I was very confused, for proving the Hilbert-Serre thm. The following is our assumptions.
$A=\bigoplus_{n=0}^{\infty}A_n$ is graded Noetherian ring, so $A$ is finitely generated $A_0$-algebra, generated by homogeneous elements $x_1,\cdots,x_s$ each of which has degree $k_i$.
$M=\bigoplus_{n=1}^{\infty}M_n$ is finitely generated graded $A$-module, and each $M_n$ turns out to be a finitely generated $A_0$-module.
$\lambda$ is additive function on the class of finitely generated $A_0$-module.
$P$ is generating function w.r.t $\lambda(M_n)$, i.e., $P(M,t)=\Sigma\lambda(M_n)t^n \in \mathbb{Z}[[t]]$ ($\textit{Poincare series}$)
The proof is given by following.
Everything is clear for me, except for $\textit{how we define $L_n$ for small n}$?, especially $n$ is smaller than $k_s$. I strongly guess that we have to define $L_n=M_n$.

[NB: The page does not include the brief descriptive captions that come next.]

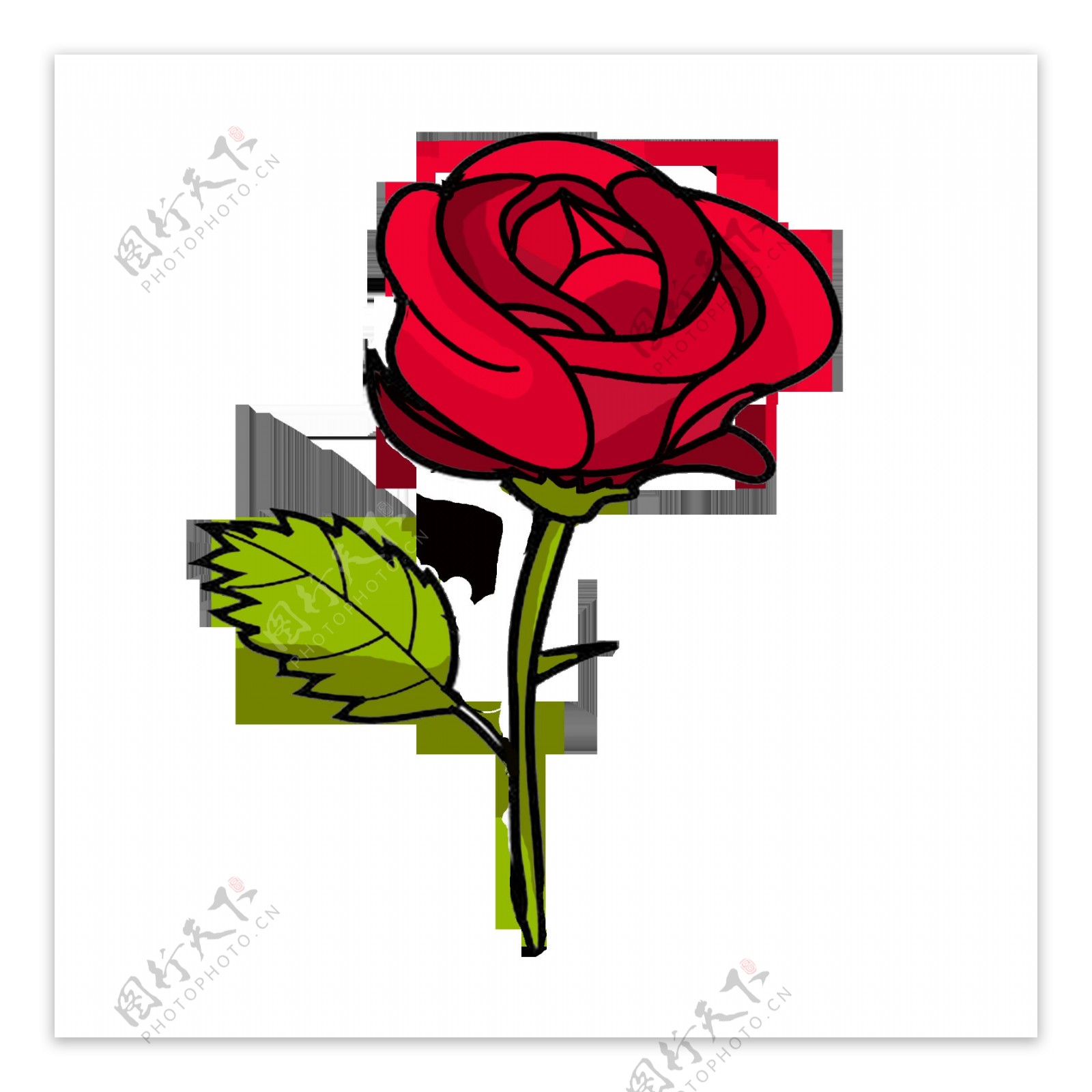 漂亮的红色玫瑰花插画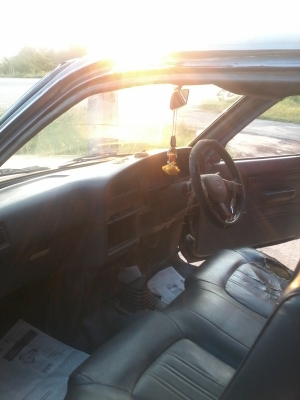 ด่วน ไมตี้หัวเดียวปี38 63000 มาก่อนได้ก่อนครับ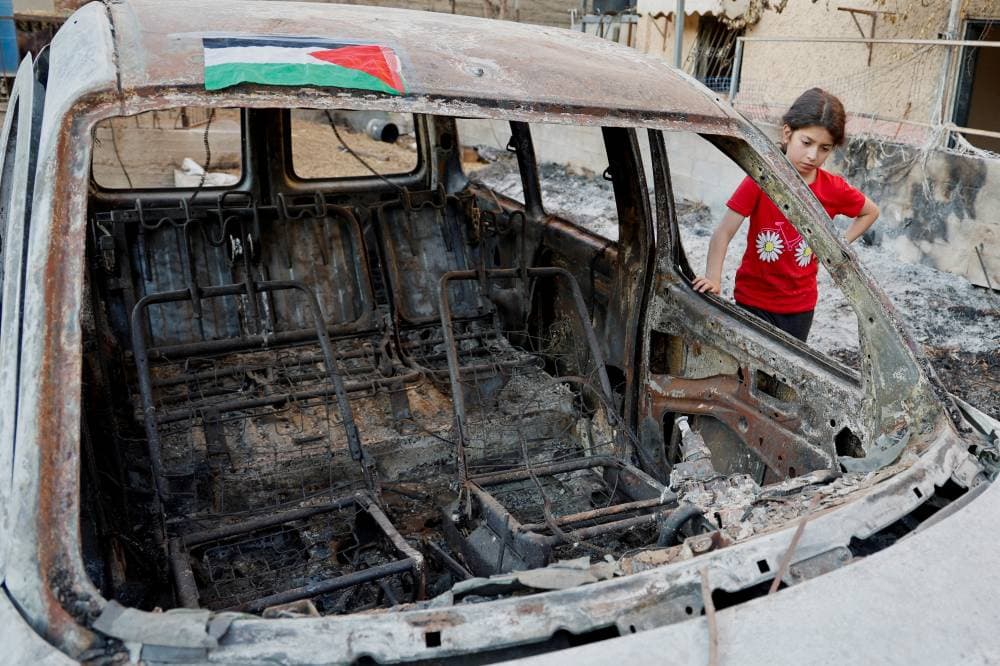 "الغطاء النباتي" : نثر 10 أطنان من البذور في 11 منطقة حول المملكة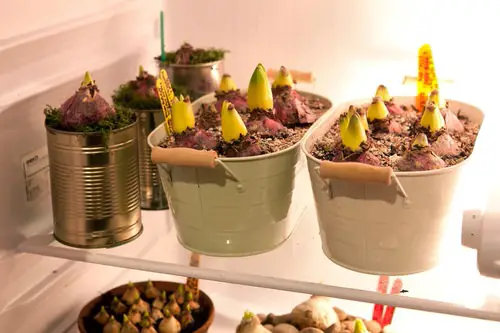Refrigerator Organization Tips and Hacks 41
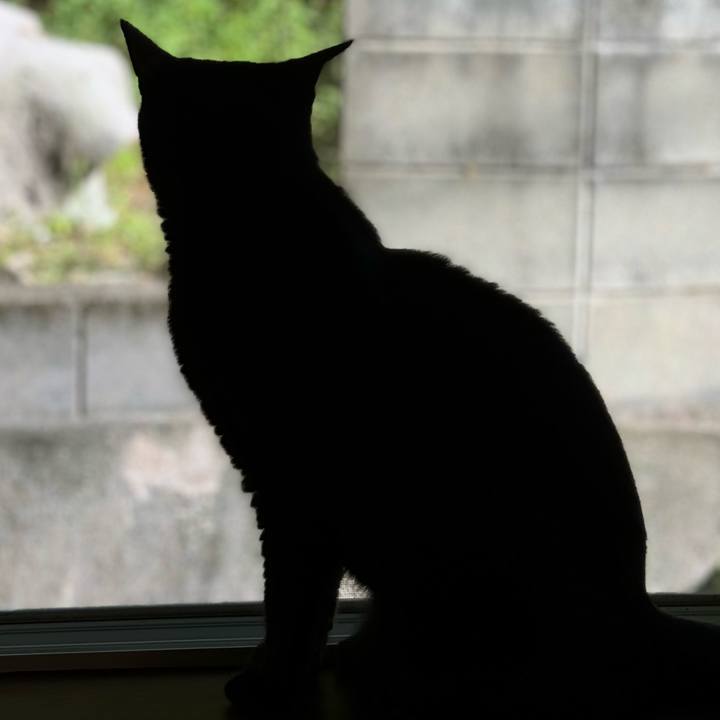 D8aa766e 4105 4a1b 9535 d5d89eeba894 1723896614653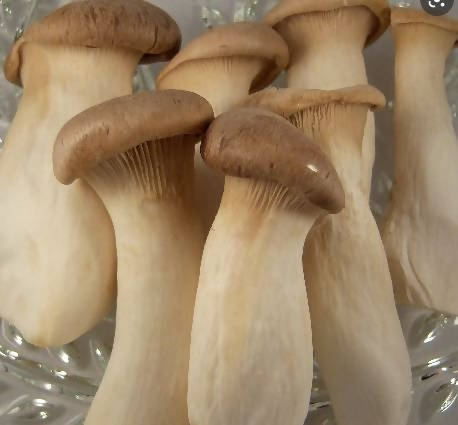 Fresh King Oyster Mushrooms (10 oz)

There is some more detailed proof of this theorem in google, but I can't still find what is exactly $L_n$ for small $n$. Can anyone tell me what is $L_n$ and if $L_n=M_n$ is true for such small $n$ as I mentioned, then can you tell me WHY L is a graded $A$-module? (Since $\textit{Poincare series}$ defined on graded $A$-module)